La relazione esamina in particolare la situazione attuale dopo ben 13 anni dall’adozione, nel 2000, delle due direttive epocali antidiscriminazione che vietano qualunque forma di discriminazione in ragione della razza o dell’origine etnica in una serie di ambiti fondamentali, e le discriminazioni sul luogo di lavoro per motivi di età, religione o convinzioni personali, handicap o tendenze sessuali.

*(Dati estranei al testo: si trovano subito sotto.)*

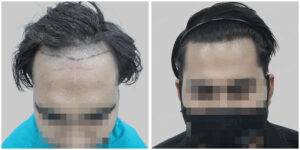 repair hair transplant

Entrambe le direttive sono state recepite nel diritto nazionale dei 28 paesi dell’UE a seguito dell’intervento della Commissione.
La Commissione, per garantire che i diritti alla parità di trattamento sanciti dall’UE siano adeguatamente applicati nella pratica, raccomanda agli Stati membri di:
- continuare a sensibilizzare l’opinione pubblica sui diritti antidiscriminazione concentrandosi sulle persone maggiormente a rischio e coinvolgendo datori di lavoro e sindacati. La Commissione eroga finanziamenti a sostegno di questo genere di attività e ha pubblicato orientamenti concreti per le vittime di discriminazione;
- agevolare la segnalazione delle discriminazioni, migliorando l’accesso delle vittime ai meccanismi di denuncia. Gli organismi nazionali per la promozione della parità rivestono un ruolo cruciale e la Commissione continuerà a sostenerne la rete e a garantire che svolgano efficacemente i loro compiti previsti dalla normativa UE;
- garantire l’accesso alla giustizia a quanti hanno subito discriminazioni. Gli orientamenti della Commissione indicano in concreto come presentare denuncia e la Commissione finanzia formazioni sull’applicazione della normativa in materia di parità per gli operatori della giustizia e le ONG che rappresentano le vittime di discriminazione;
- affrontare la specifica discriminazione che subiscono i Rom nel quadro delle strategie nazionali per l’integrazione dei Rom, anche attuando gli specifici orientamenti della Commissione contenuti nella recente raccomandazione del Consiglio (IP/13/1226).